Nick Paumgarten and Lillian Ross
Lillian,
Well, if that is what they mean by getting back to normal, then maybe we're better off not getting back to normal. Aspects of our way of life were perhaps worth attacking, apparently. If there's any upside to the World Trade Center disaster, it's that we will all be spared, for a few weeks anyway, all of this nonsense; the PR mill is quiet, or muted, at least.
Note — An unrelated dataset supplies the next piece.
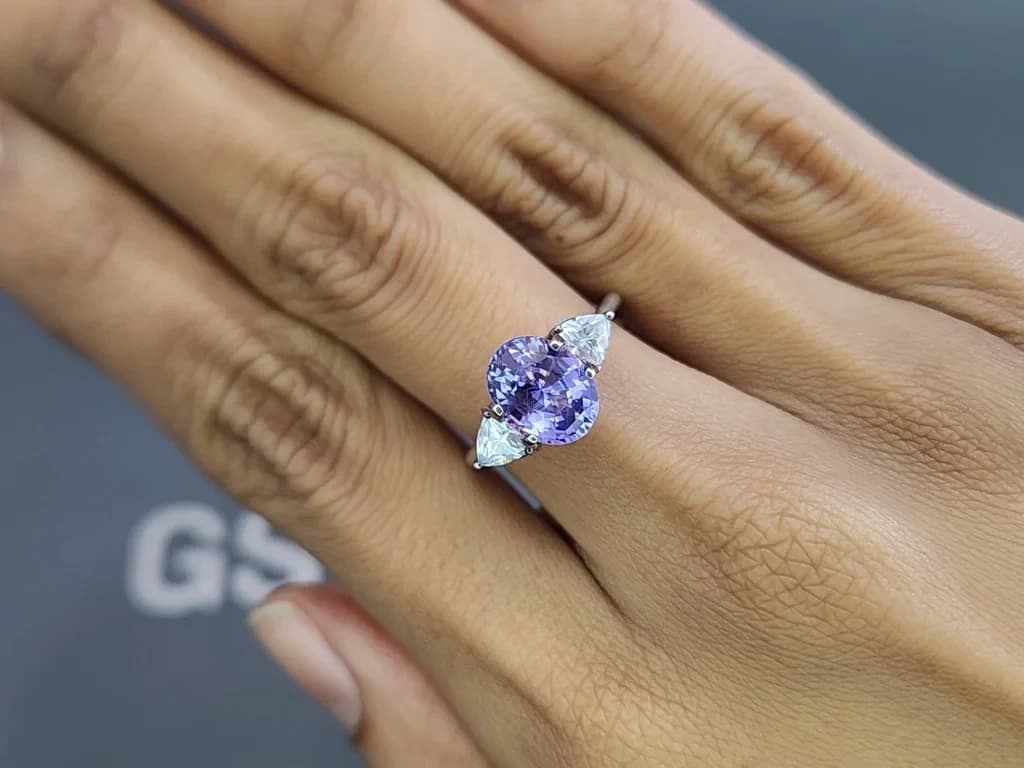 Unheated purple or Lavender sapphire in oval cut 2.96 carats, Sri Lanka ID 10834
So, today is getting-back-to-normal day here in New York. The stock market is open (and getting killed), the Yankees are playing (in Tampa), thousands are hard at work in borrowed offices. But things are not normal. According to the Times today, the federal government is asking the big securities firms (and, apparently, threatening reprisal should they not obey) to help buoy the stock market--to act not in their own interest, but in the country's. Odd, eh? I always kind of thought the pursuit of self-interest was what made this country great. Where are the free-market high priests on this one? It's as though to protect our way of life we need to abandon it. What if the feds had ordered the commissioner of Major League Baseball to make sure the Yankees won tonight in order to restore confidence? Well, anyway, it isn't working. The markets aren't listening. But what am I talking about? Who cares, at this hour, about a momentary perversion of this or that principle? We're just trying to get back to normal here.